• AVAILABLE DATA:

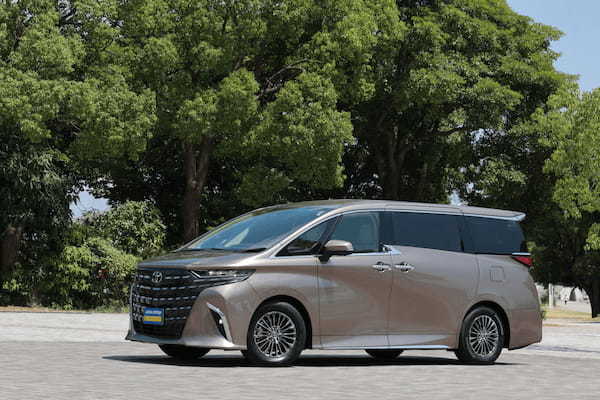 登録車販売台数は7カ月ぶり、軽乗用は8カ月ぶりの前年実績超え。アルファード、ランドクルーザー250が好調！（24年7月の全乗用車 国内販売登録ランキングTOP20とブランド別販売台数 ）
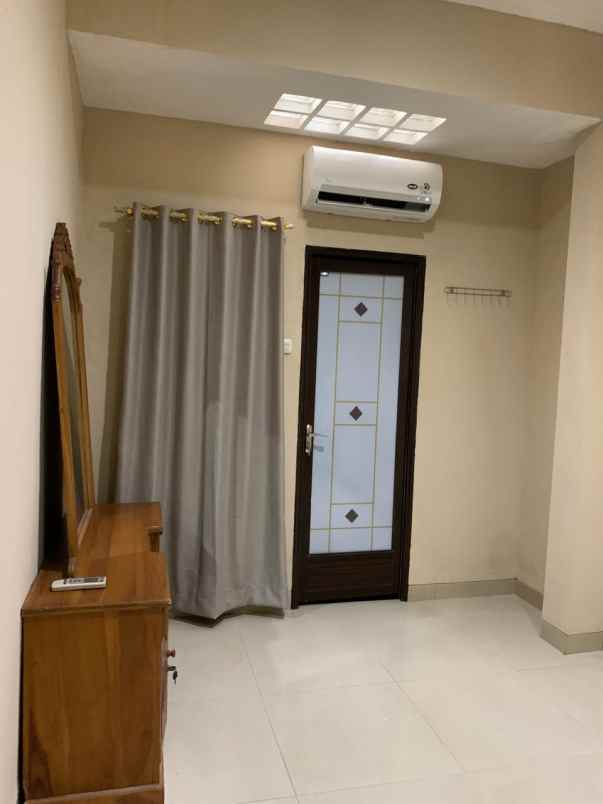 dijual rumah kelapa molek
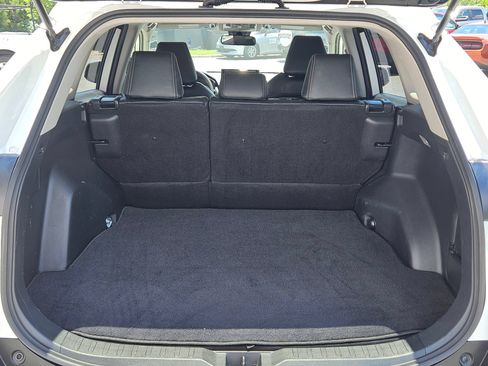 Used 2021 Toyota RAV4 XLE FWD image 30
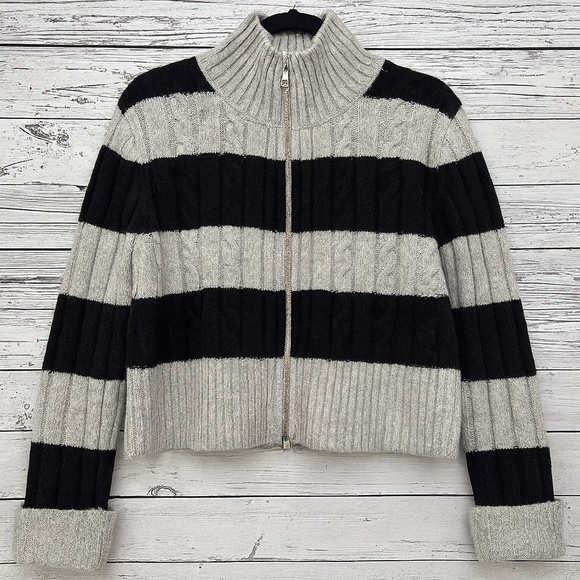NYC Knits Women's Gray & Black Cropped Zip-up Ribbed Knit Jacket, size Large - Picture 1 of 8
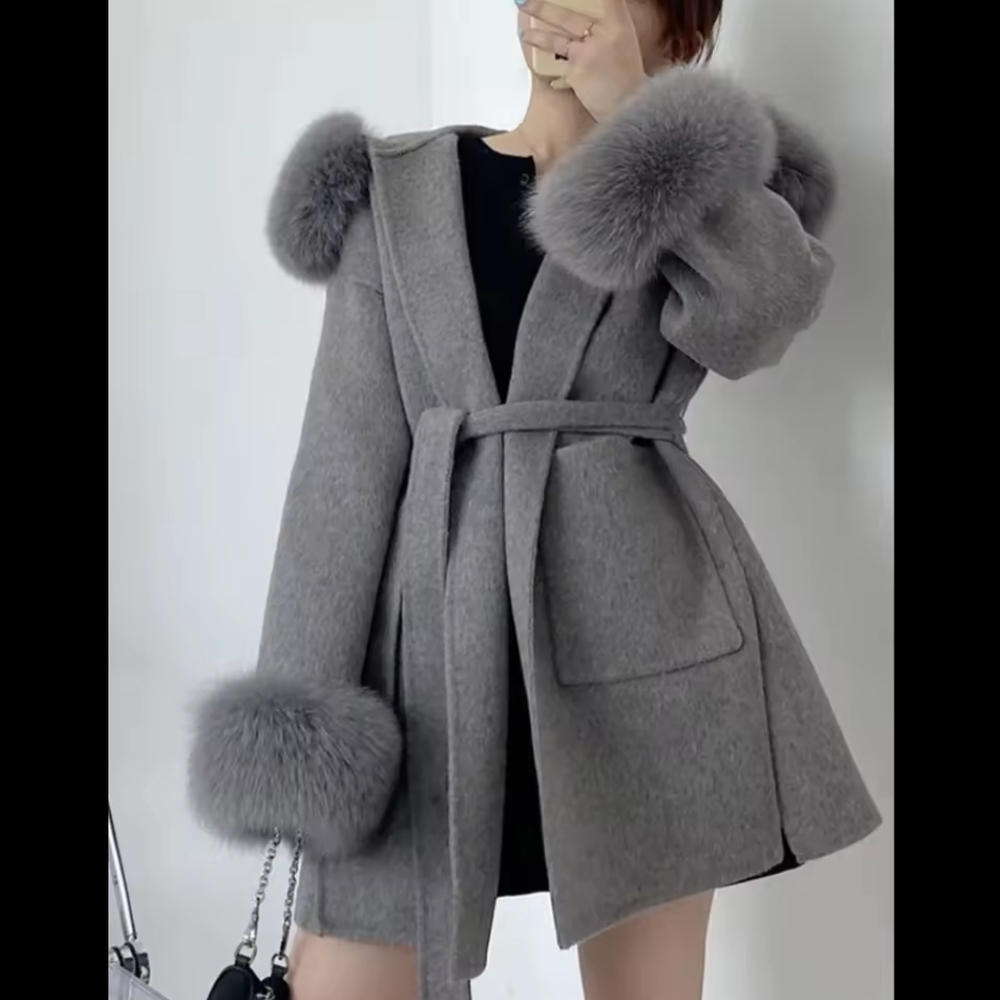 Fashion Oversize Ladies Outerwear Real Fur Coat (Wool/Fox Fur) - Picture 4 of 5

• YOUR TASK: Output, exactly and without pictures, the lines above that run from the one containing "NYC Knits Women's" through the last line of the entries, inclusive.

• ANSWER TO THE PROBLEM:
NYC Knits Women's Gray & Black Cropped Zip-up Ribbed Knit Jacket, size Large - Picture 1 of 8
 Fashion Oversize Ladies Outerwear Real Fur Coat (Wool/Fox Fur) - Picture 4 of 5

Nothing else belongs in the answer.